## PROBLEM
Exact copy without images: repeat every entry as written.

## AVAILABLE DATA
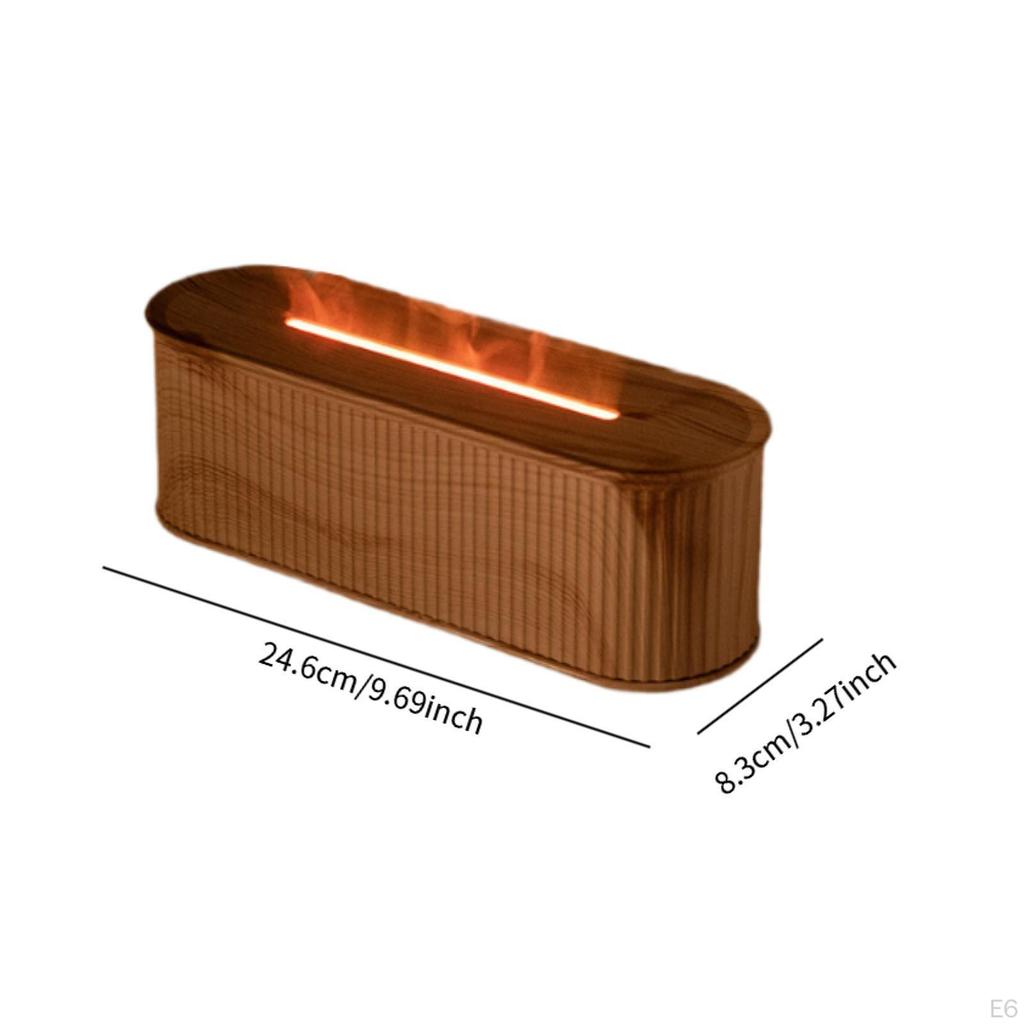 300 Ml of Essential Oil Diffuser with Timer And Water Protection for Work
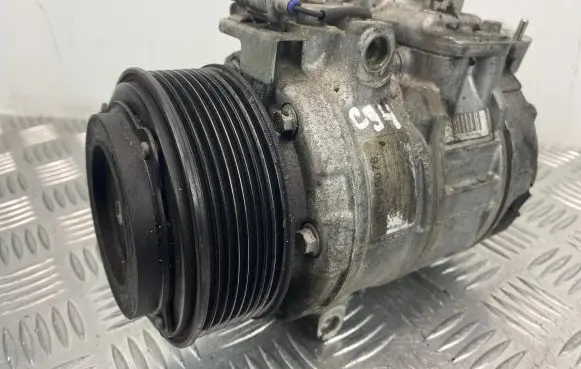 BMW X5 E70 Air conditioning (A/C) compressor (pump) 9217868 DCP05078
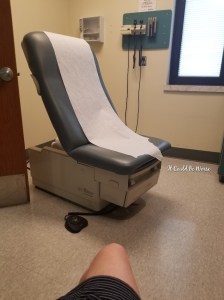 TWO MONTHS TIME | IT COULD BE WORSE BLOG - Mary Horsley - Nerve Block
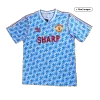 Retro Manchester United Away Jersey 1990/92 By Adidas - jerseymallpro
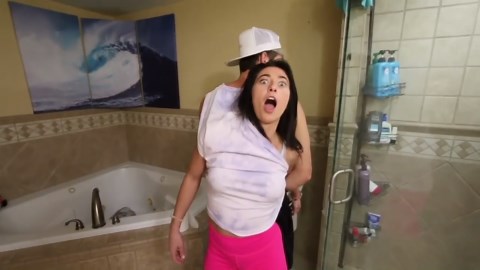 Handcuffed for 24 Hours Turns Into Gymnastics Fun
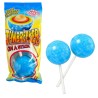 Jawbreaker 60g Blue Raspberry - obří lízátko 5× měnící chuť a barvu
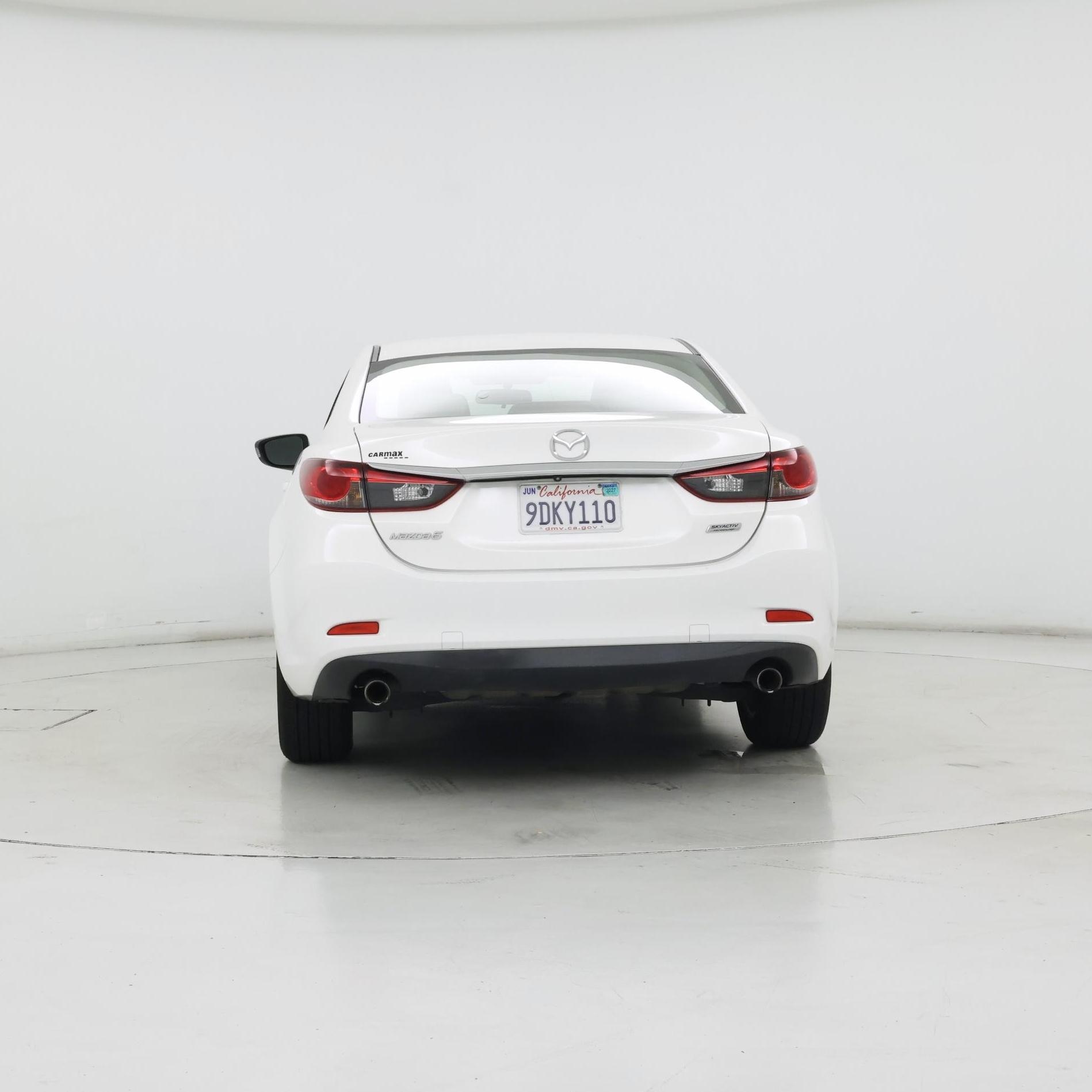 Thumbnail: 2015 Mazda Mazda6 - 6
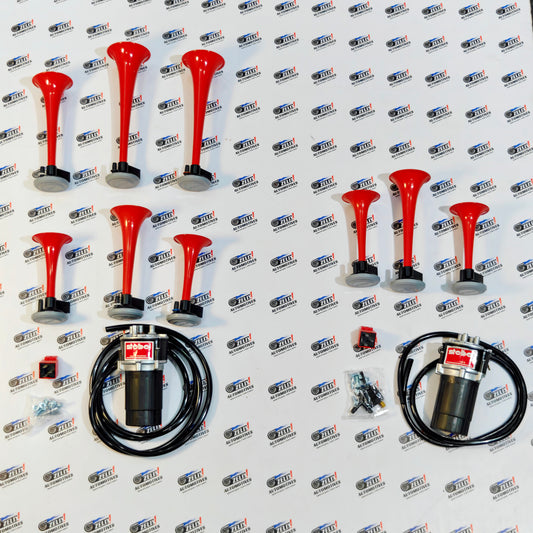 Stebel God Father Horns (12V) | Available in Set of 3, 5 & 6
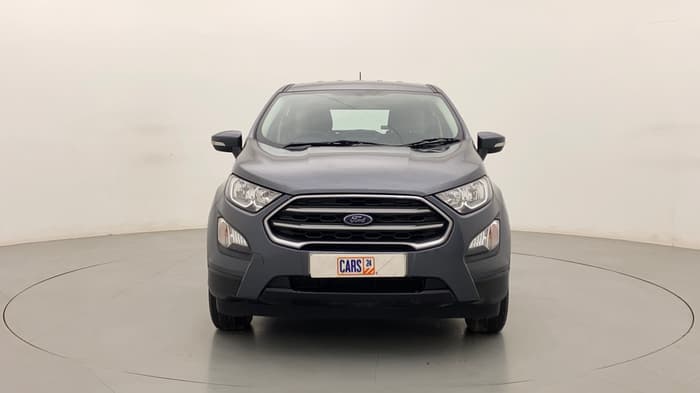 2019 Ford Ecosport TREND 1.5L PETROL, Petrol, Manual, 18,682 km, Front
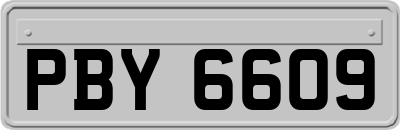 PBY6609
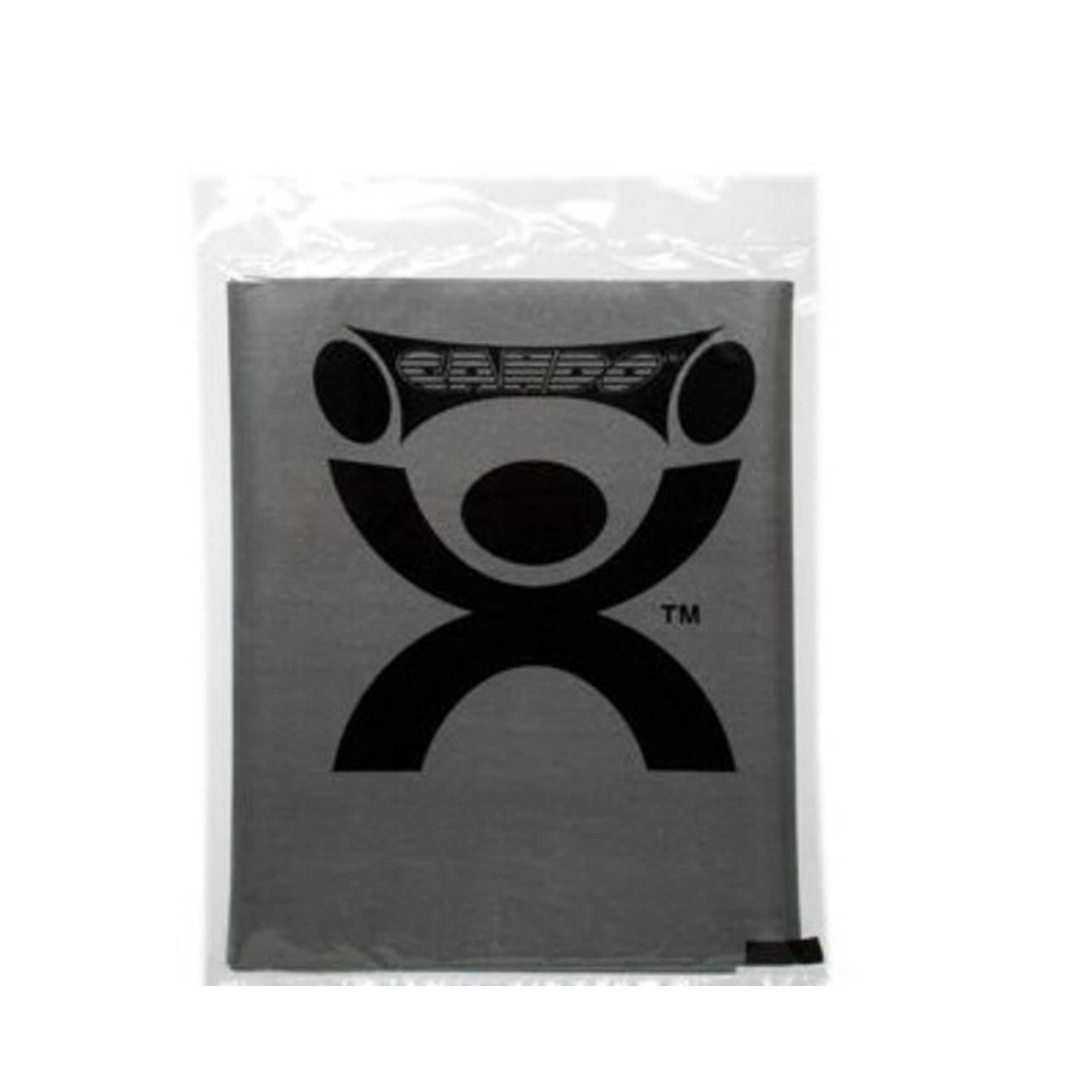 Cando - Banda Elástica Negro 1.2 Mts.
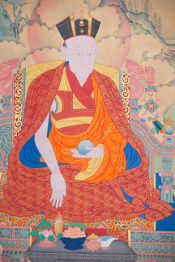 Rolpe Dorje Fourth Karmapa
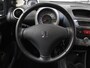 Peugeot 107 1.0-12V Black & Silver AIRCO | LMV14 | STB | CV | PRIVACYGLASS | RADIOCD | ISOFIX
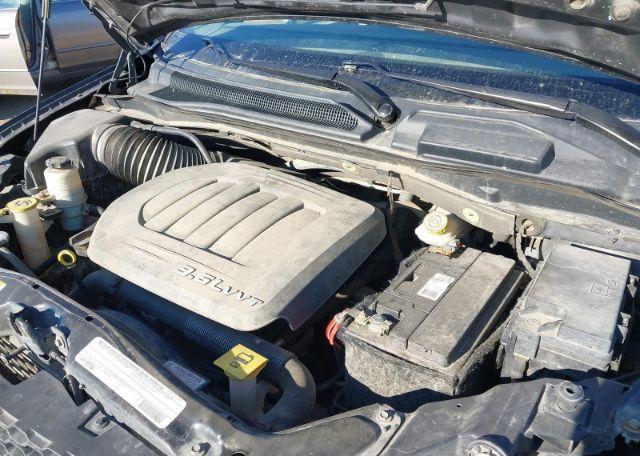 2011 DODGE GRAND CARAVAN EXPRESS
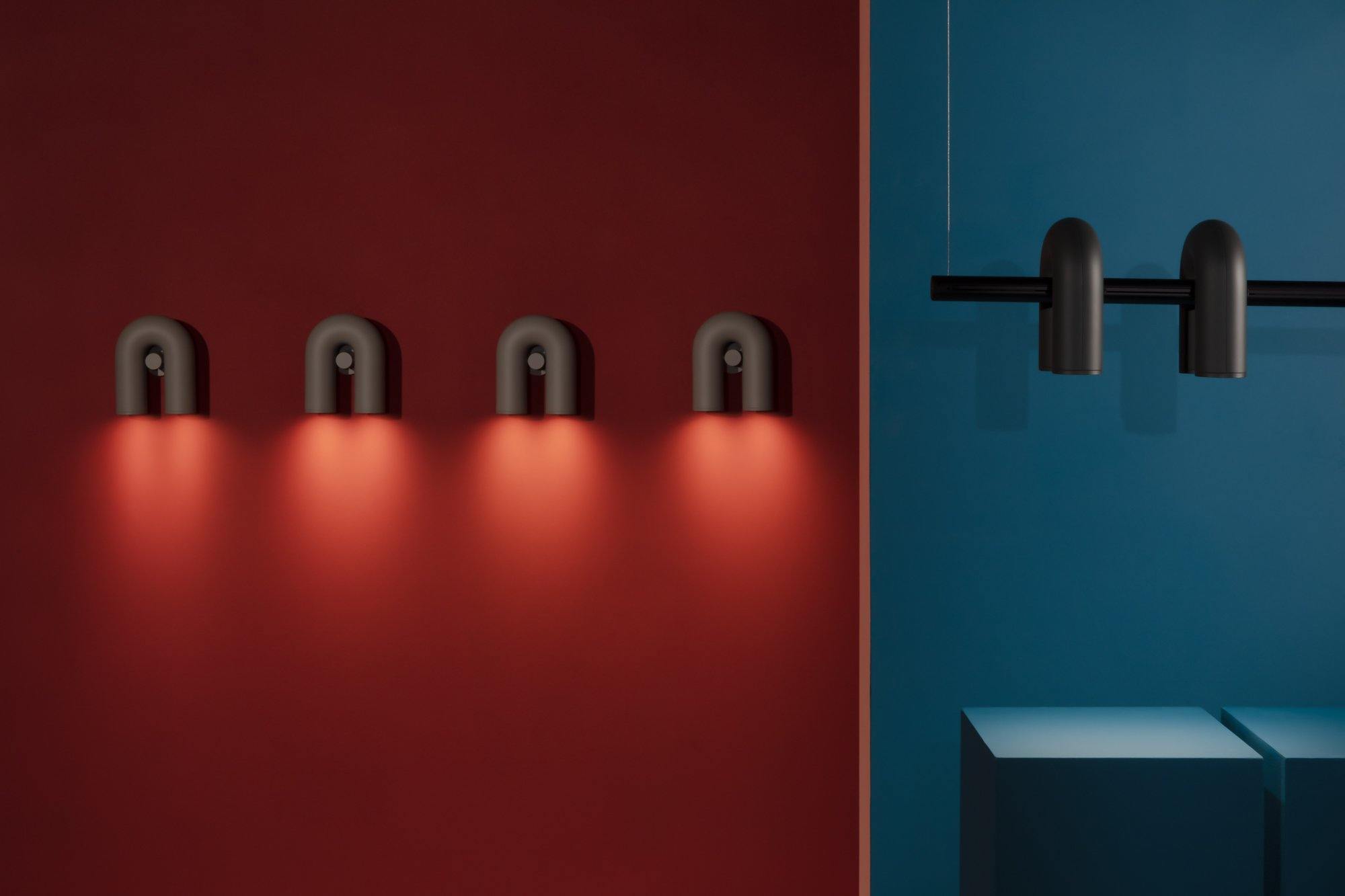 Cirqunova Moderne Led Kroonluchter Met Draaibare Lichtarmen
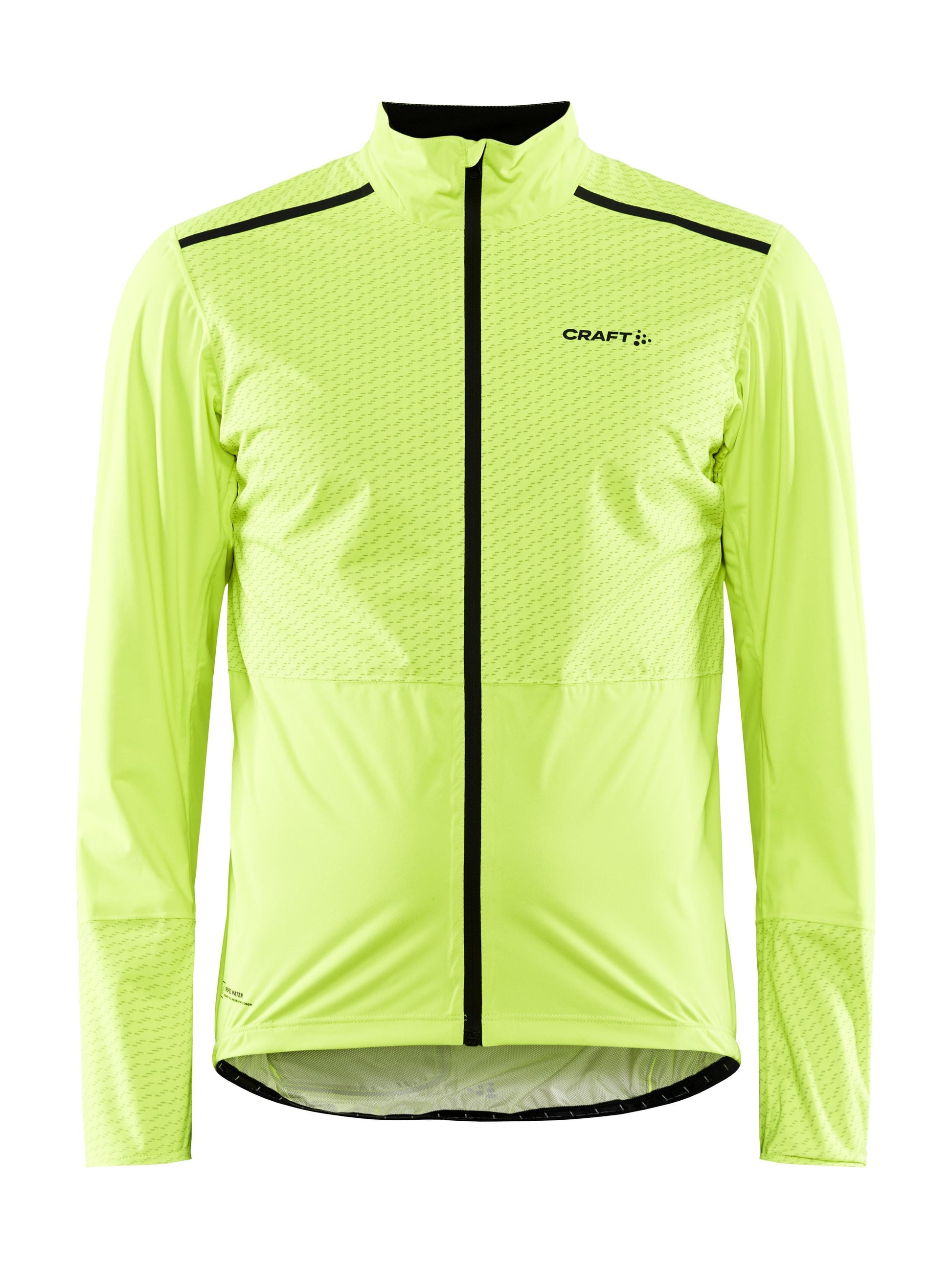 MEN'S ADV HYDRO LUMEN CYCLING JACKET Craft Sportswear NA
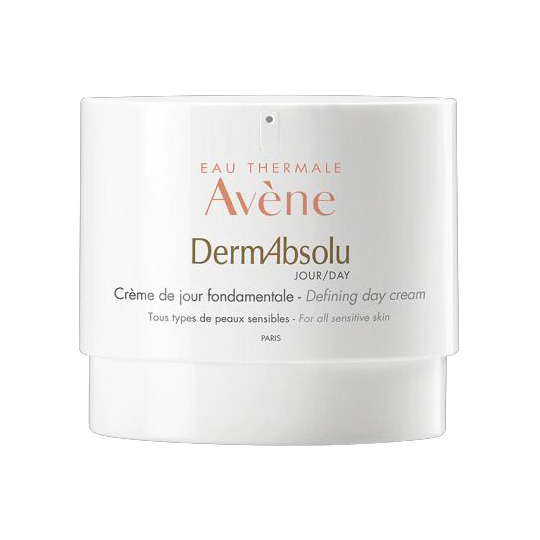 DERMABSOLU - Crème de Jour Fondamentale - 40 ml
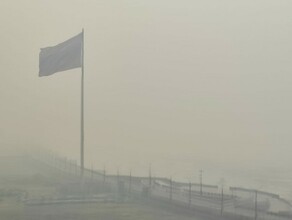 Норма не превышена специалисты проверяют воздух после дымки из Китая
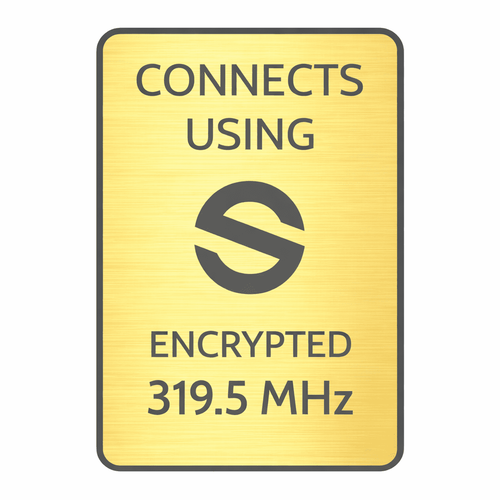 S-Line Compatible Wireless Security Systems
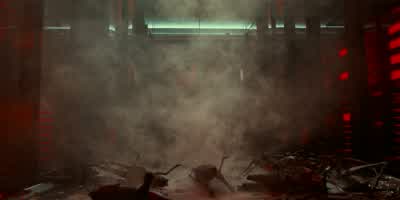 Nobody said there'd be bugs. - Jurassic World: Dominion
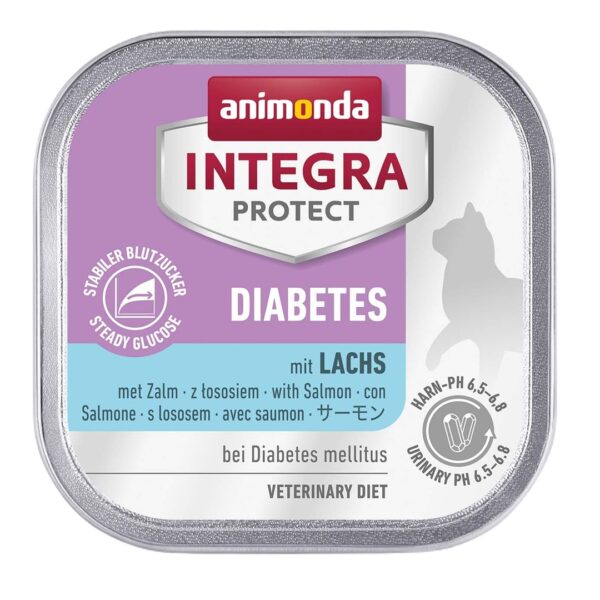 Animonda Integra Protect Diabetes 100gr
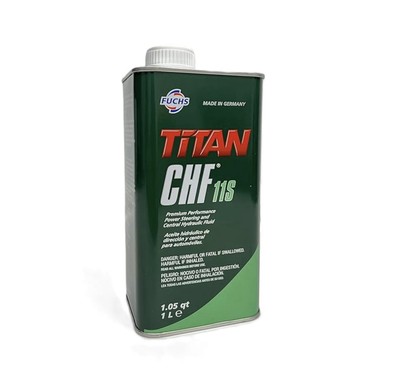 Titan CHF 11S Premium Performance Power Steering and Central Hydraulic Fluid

## ANSWER
 300 Ml of Essential Oil Diffuser with Timer And Water Protection for Work
 BMW X5 E70 Air conditioning (A/C) compressor (pump) 9217868 DCP05078
 TWO MONTHS TIME | IT COULD BE WORSE BLOG - Mary Horsley - Nerve Block
 Retro Manchester United Away Jersey 1990/92 By Adidas - jerseymallpro
 Handcuffed for 24 Hours Turns Into Gymnastics Fun
 Jawbreaker 60g Blue Raspberry - obří lízátko 5× měnící chuť a barvu
 Thumbnail: 2015 Mazda Mazda6 - 6
 Stebel God Father Horns (12V) | Available in Set of 3, 5 & 6
 2019 Ford Ecosport TREND 1.5L PETROL, Petrol, Manual, 18,682 km, Front
 PBY6609
 Cando - Banda Elástica Negro 1.2 Mts.
 Rolpe Dorje Fourth Karmapa
 Peugeot 107 1.0-12V Black & Silver AIRCO | LMV14 | STB | CV | PRIVACYGLASS | RADIOCD | ISOFIX
 2011 DODGE GRAND CARAVAN EXPRESS
 Cirqunova Moderne Led Kroonluchter Met Draaibare Lichtarmen
 MEN'S ADV HYDRO LUMEN CYCLING JACKET Craft Sportswear NA
 DERMABSOLU - Crème de Jour Fondamentale - 40 ml
 Норма не превышена специалисты проверяют воздух после дымки из Китая
 S-Line Compatible Wireless Security Systems
 Nobody said there'd be bugs. - Jurassic World: Dominion
 Animonda Integra Protect Diabetes 100gr
 Titan CHF 11S Premium Performance Power Steering and Central Hydraulic Fluid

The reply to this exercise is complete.